Armenian and Azerbaijani forces engaged in new fighting on Tuesday over the Nagorno-Karabakh region despite pleas to observe a ceasefire, as the Red Cross warned hundreds of thousands were already affected by the conflict.
More than two weeks of fighting between the Caucasus rivals has left almost 600 dead, including 73 civilians, according to a tally based on partial tolls from both sides.
The Nagorno-Karabakh region of Azerbaijan, overwhelmingly populated by Armenians, has been controlled by Armenians since a 1990s war that erupted as the Soviet Union fell.
But Azerbaijan has never hidden its desire to win back control and no state has ever recognised Nagorno-Karabakh's declaration of independence.
The fighting has been the most intense since a 1994 ceasefire ended the initial post-Soviet war. Even a humanitarian truce to allow exchanges of prisoners and dead has been too much to implement.

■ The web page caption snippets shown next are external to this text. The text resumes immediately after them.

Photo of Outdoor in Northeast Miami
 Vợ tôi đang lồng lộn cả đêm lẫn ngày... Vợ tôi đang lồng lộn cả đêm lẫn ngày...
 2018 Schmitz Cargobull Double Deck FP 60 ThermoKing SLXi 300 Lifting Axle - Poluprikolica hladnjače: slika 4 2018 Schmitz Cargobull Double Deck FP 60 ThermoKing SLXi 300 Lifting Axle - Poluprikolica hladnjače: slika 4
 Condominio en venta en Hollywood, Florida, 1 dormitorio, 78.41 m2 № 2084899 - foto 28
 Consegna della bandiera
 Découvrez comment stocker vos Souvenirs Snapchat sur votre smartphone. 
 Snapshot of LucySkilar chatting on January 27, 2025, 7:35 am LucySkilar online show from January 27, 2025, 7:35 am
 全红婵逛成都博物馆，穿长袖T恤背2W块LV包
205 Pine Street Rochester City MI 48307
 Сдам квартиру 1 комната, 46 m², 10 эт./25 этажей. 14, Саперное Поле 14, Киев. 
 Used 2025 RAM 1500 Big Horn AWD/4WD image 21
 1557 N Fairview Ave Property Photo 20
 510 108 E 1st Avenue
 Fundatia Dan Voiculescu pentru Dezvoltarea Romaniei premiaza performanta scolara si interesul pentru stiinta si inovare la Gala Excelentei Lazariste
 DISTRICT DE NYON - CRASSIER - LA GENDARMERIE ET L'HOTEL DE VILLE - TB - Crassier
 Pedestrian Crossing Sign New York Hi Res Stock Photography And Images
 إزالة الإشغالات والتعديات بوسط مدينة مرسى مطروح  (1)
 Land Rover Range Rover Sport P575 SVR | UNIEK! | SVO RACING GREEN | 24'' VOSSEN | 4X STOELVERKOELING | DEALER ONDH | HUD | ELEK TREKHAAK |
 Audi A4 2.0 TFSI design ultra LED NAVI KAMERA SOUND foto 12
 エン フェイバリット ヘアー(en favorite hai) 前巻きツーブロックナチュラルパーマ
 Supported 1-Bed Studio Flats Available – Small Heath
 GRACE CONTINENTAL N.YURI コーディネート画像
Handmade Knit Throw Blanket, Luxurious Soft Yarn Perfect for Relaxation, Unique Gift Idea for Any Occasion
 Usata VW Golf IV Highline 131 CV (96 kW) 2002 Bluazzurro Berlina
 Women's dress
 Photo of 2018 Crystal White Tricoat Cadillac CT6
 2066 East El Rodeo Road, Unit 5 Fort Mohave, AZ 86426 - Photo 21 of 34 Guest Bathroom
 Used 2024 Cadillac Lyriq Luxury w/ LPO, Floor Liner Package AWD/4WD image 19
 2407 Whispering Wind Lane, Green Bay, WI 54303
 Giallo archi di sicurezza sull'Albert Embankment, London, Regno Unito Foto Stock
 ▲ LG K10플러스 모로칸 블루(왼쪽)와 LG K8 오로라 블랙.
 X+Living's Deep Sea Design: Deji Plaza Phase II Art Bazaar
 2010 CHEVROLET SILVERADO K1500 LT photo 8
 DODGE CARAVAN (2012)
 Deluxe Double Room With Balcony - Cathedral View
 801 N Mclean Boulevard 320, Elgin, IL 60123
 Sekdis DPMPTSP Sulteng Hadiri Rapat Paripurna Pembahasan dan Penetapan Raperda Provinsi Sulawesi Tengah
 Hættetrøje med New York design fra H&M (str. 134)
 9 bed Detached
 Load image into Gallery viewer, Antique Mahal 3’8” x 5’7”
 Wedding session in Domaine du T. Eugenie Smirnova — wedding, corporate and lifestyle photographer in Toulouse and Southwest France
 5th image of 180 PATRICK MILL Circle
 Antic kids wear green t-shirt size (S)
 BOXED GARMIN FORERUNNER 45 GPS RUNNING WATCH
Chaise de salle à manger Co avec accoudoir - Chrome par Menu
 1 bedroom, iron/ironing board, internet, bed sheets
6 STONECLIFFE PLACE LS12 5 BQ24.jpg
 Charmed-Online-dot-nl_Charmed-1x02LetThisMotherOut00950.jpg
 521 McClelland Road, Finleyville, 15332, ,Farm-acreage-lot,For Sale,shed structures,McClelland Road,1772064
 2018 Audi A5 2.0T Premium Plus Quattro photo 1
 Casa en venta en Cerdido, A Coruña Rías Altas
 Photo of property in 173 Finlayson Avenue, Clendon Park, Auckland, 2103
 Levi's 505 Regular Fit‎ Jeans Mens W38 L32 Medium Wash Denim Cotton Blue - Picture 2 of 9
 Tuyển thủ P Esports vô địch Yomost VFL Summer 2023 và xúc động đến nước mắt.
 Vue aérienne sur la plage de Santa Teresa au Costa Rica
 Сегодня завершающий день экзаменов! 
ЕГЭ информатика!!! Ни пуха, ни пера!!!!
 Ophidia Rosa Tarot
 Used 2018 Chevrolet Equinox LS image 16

"Civilians are dying or suffering life-changing injuries," said International Committee of the Red Cross Eurasia regional director Martin Schuepp in a statement.
"Homes, businesses and once-busy streets are being reduced to rubble."
He said hundreds of thousands of people across the region were affected, with healthcare services coming under strain and even attacked in some cases.
- Heavy shelling -
The Nagorno-Karabakh separatist authorities accused Azerbaijan of launching an offensive in the south, north and northeast of the region.
Baku accused Armenians of launching strikes on the districts of Goranboy, Terter and Agdam -- Azerbaijani territory outside Nagorno-Karabakh.
An AFP correspondent in Terter close to the front line reported hearing heavy shelling nearby and seeing a rocket launcher drive by as Azerbaijani forces sought to fire up into the mountains.
The daily fighting has made a mockery of the ceasefire agreed between the Armenian and Azerbaijani foreign ministers in the early hours of Saturday in Moscow after 11 hours of talks.
Russian Foreign Minister Sergei Lavrov on Monday acknowledged that the ceasefire was not holding and urged both sides to stop fighting.
The European Union and Iran have also called on the parties to properly observe the ceasefire.
The search for a long-term solution to the conflict, one of the most enduring headaches left after the fall of the Soviet Union, is in the hands of the Minsk Group of regional powers chaired by France, Russia and the US.
But both sides are heavily entrenched in their views and three decades of diplomacy has brought little progress.
Gela Vasadze, an analyst with Tbilisi-based think tank the Georgian Strategic Analysis Centre, said the current conflict was doing nothing to end the stalemate.
"What is clear is that Azerbaijan did achieve some military success, but not anything dramatic. We can't say Baku is close to taking control of Karabakh," he told AFP.
- High Syrian toll -
Concerns remain over the role of Turkey, which has strongly backed Azerbaijan and has been widely accused of dispatching pro-Ankara Syrian militia to assist Baku.
According to the Britain-based Syrian Observatory for Human Rights, 1,450 such fighters have gone to Azerbaijan including 250 in the last week alone.
The observatory said 119 of them had died, of whom 78 had been repatriated to Syria.
Armenia is part of a regional Russia-led security group but Moscow has so far refused to become implicated in the conflict.
Yet analysts say Turkey's involvement will put further strain on the alliance between President Vladimir Putin and Turkish counterpart Recep Tayyip Erdogan.
Iran, which has borders with both Armenia and Azerbaijan and has expressed alarm over the fighting, said a drone crashed near its border with Azerbaijan and investigations were trying to find out its origin.
Iran's arch-enemy Israel has supplied drones to Azerbaijan and Baku's ally Turkey is now also a major producer. Armenia, meanwhile, has home-produced drones.